I want to know about solving logical errors within better way.
In order to solve a logical error you need to be able to answer "what do I want to happen?" and compare it to "what is actually happening?"
For example, when I have an input of 1
and 2
to my program, I'd expect to get out a
and b
. However, I'm actually getting back b
and c
. This is just a toy example to demonstrate the point.
Now that I know what my desired outcome is, vs my actually outcome is, I need to read my code more carefully and see how all the pieces of code that exist deterministically encode the logic that I expect to happen. The logic error is somewhere in the deterministic way you wrote your code to solve your issue.
Sometimes the code is small enough that you can return to it with a fresh set of eyes and just catch your issue. Usually that's not the case. In larger code bases, you want to apply normal search principles - optimize finding the issue with the fewest number of checks. To do this: [1] make sure you know the entire code path (tree) that your input leads to your output. [2] Add print statements at relevant intervals: find the "middle" of your code - whatever that means in your situation - and add a print statement "NAME: Got here 1". Then find the mid between there and the start of your code and add a print statement "Name: Got here 2". Do the same from the mid to the end of the code. Also, print out any variables you'd expect to be interesting. Do this binary searching via logs a few times. Execute your program under the same circumstances that you're having your issue. Easily find your debugging logs because they have your name in them. Then look at the variable data and see if it matches what you'd expect.

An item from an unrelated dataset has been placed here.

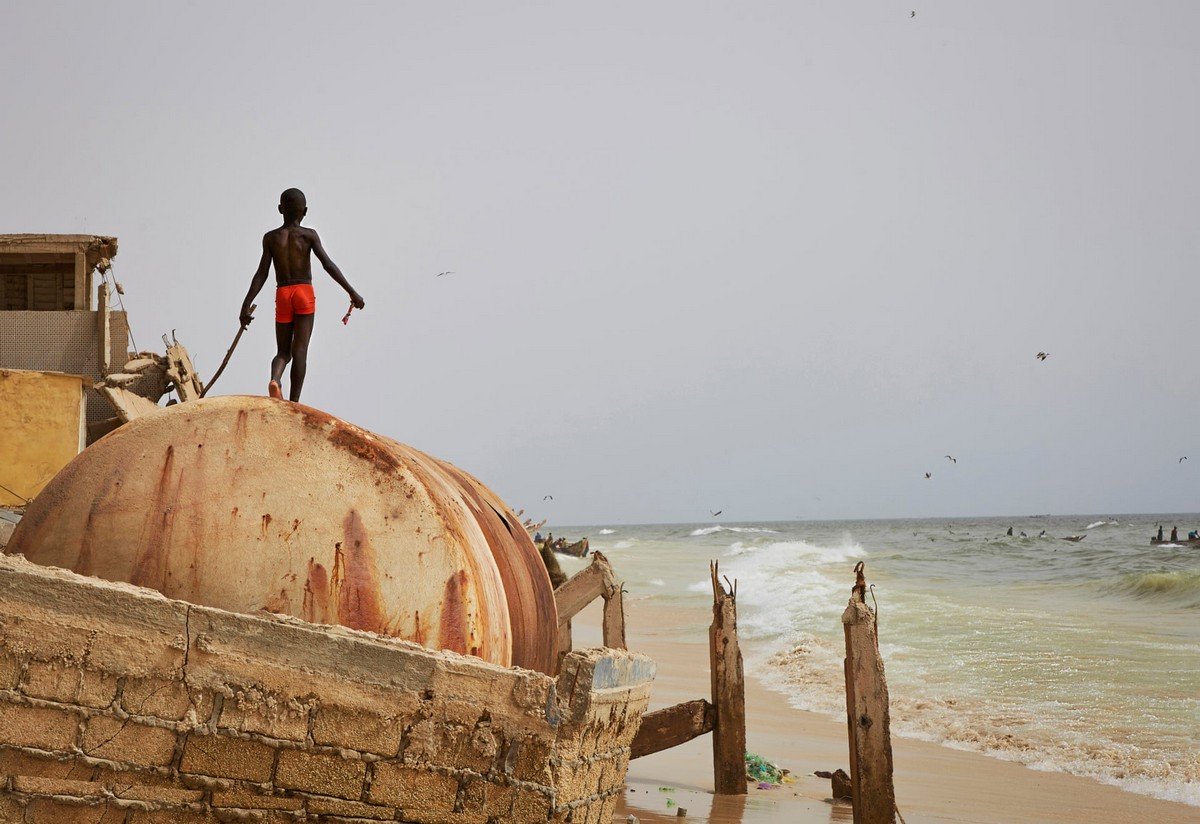 Фотография: Африканская Венеция: как колониальный город Сен-Луи поглощается океаном №1 - BigPicture.ru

Find the section of code between where "data was what I was expecting" and "data was not what I was expecting". Somewhere in there, is my issue. Add more print lines in the binary search pattern described above. This will help you narrow in on the issue quickly.
If finding the area of code that is problematic doesn't make it obvious what your issue is, then turn on your debugger and step through the code and take a live look at all the variables.
If you're still stuck - get another person involved. By this point in time, just trying to explain to your colleague what you're trying to solve will make something click in your head and viola! you figured out the issue. If not, they may be able to see the issue after you gave them context.
There's so much more to say on the topic, but this is an instructable approach that can be described and followed. I hope this helps.